Snyder declared Friday that Detroit was in a financial emergency and appears all but ready to name an emergency manager pending an appeal from Mayor Dave Bing, saying he has a top candidate picked out for the job. Detroit would become the largest city in the United States to have state control over its finances.
Bing said Friday in an emailed statement that he would look at the effect of Snyder’s decision and other options to determine what to do next. He has a 10-day appeal period, and a March 12 hearing with Bing and the city has been scheduled.
If, in fact, the appointment of an emergency financial manager both stabilizes the city fiscally and supports our restructuring initiatives which improve the quality of life for our citizens, then I think there is a way for us to work together, Bing said.
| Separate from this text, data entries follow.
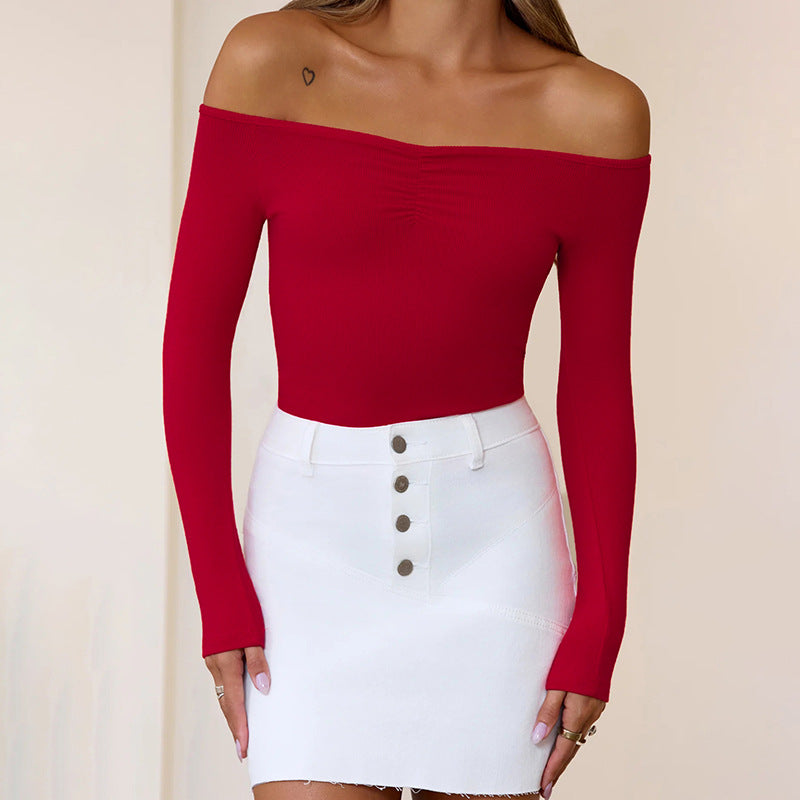 Women's Summer New Pure Color One-Shoulder Slim Casual T-Shirt Top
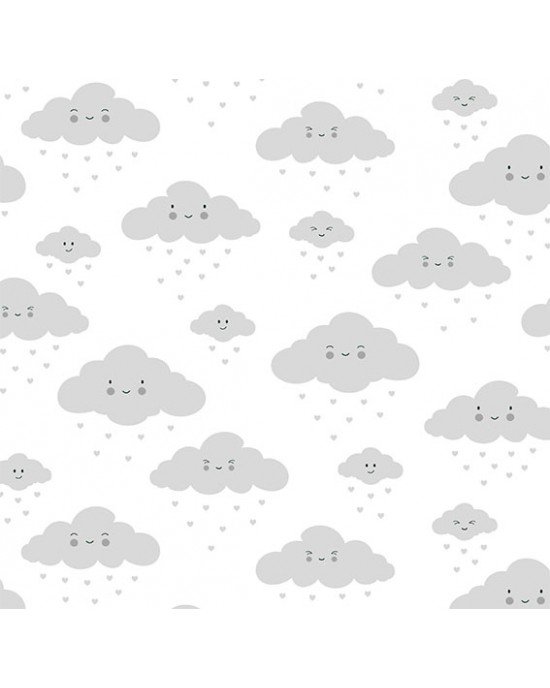 Tecido Estampado Nuvem cor - 09 (Branco com Cinza)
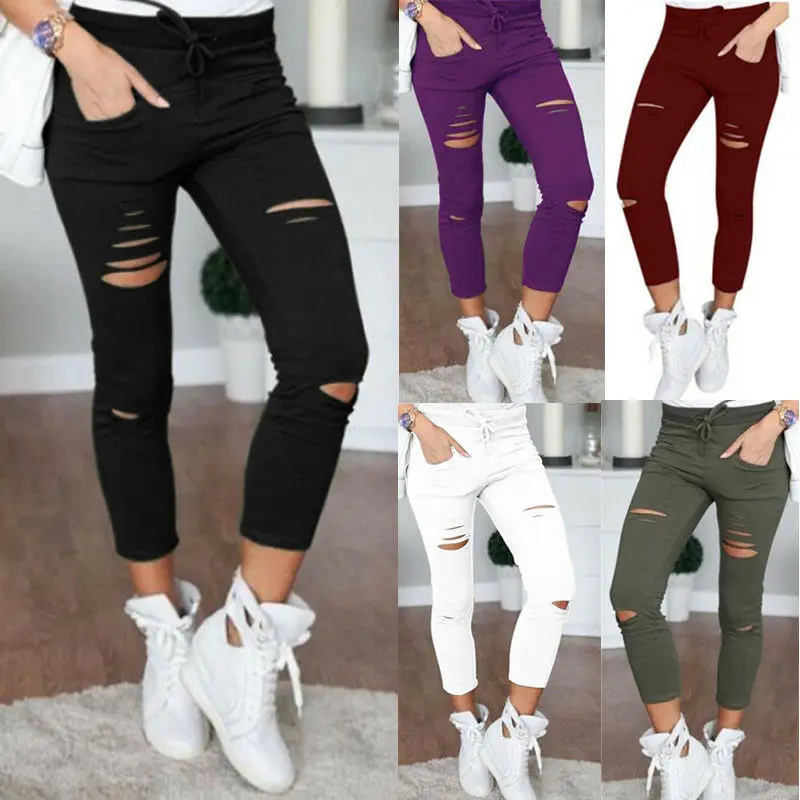 

2019 Hot Sale Women Skinny Ripped Holes Leggings Casual Hole Jeans Pants Leggings High Waist Stretch Slim Pencil Trousers
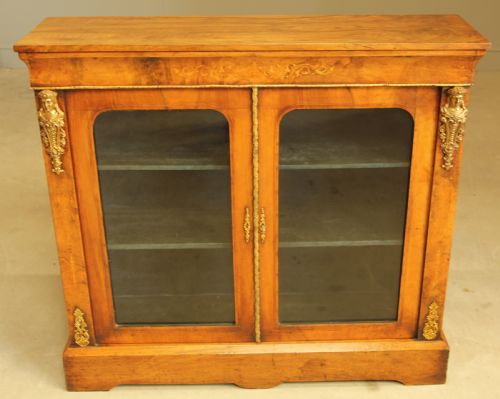fig 1. VICTORIAN BURR WALNUT DISPLAY CABINET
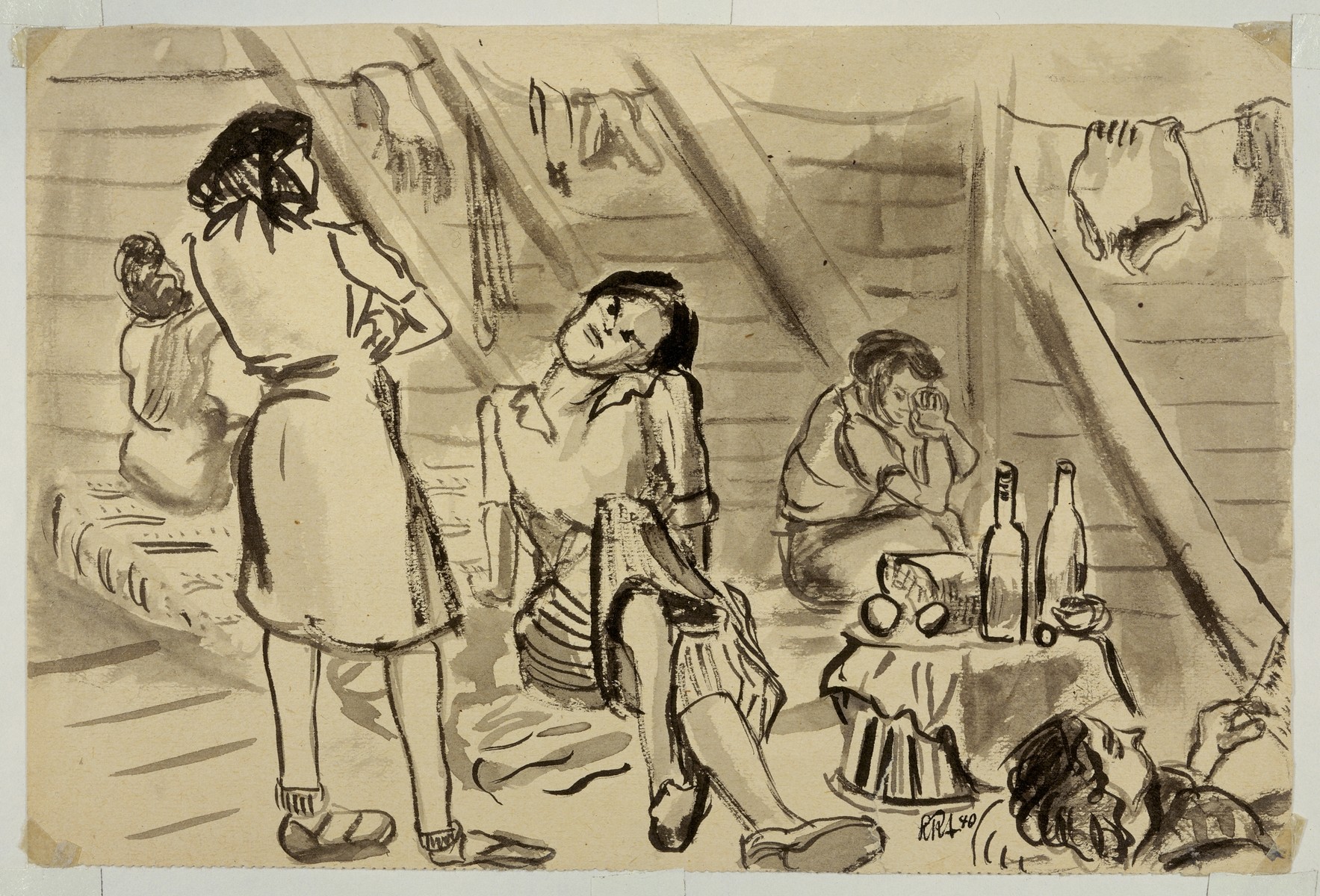Sketch of a women's barracks in Gurs by Lili Andrieux.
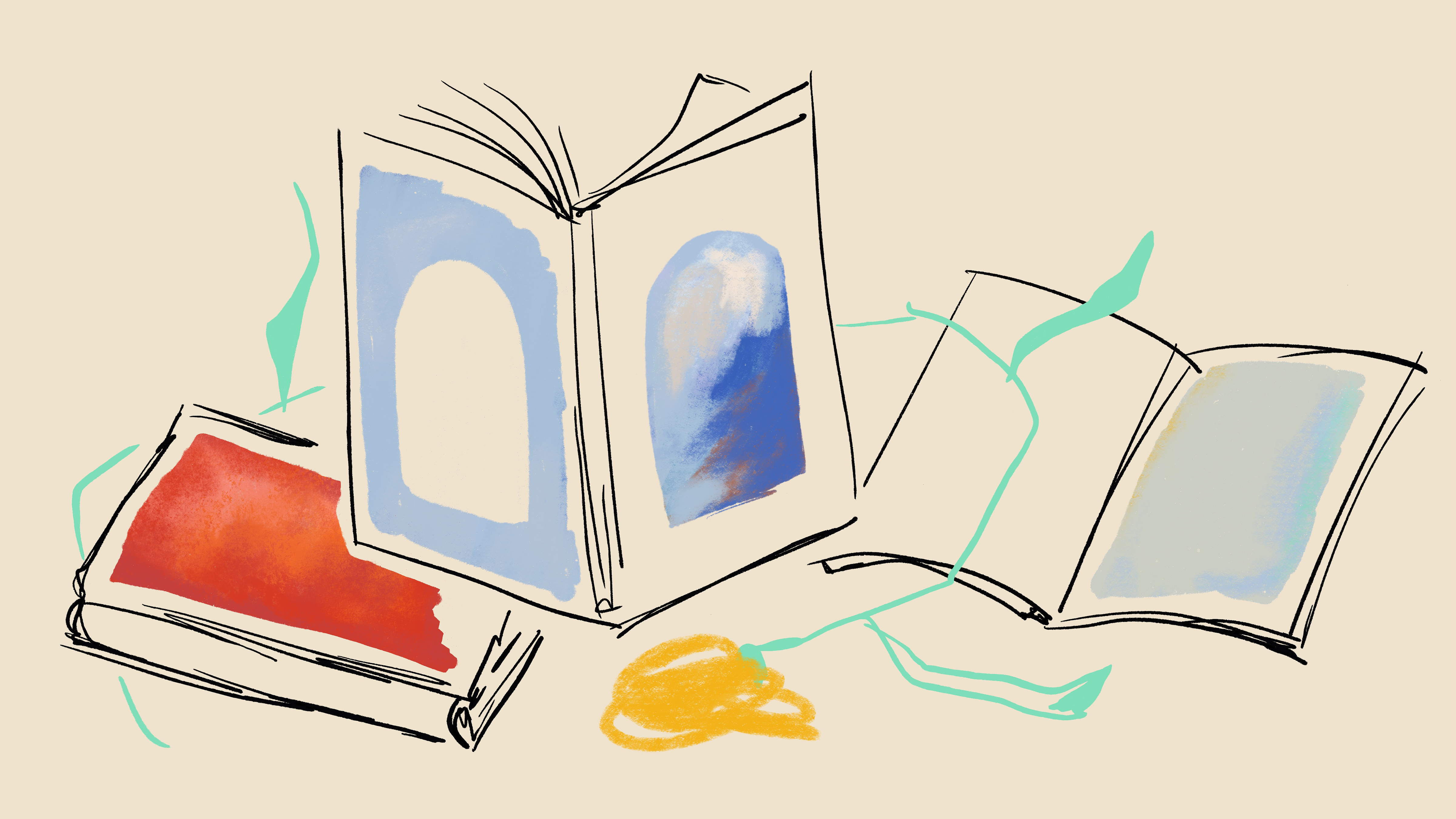 Eine Aquarellillustration von Büchern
The governor has made his decision, and it was his decision alone to make. While I respect it, I have said all along that I do not favor an emergency manager for the city of Detroit.
Detroit has a $327 million budget deficit and faces more than $14 billion in long-term debt. It has been making ends meet on a month-to-month basis with the help of bond money held in a state escrow account and has instituted mandatory unpaid days off for many city workers.
Those troubles, along with underfunded yet crucial city services, such as police and fire departments, and the absence of legitimate turnaround plans from Bing and the City Council forced his hand, Snyder told The Associated Press on Friday ahead of a community forum at Wayne State University.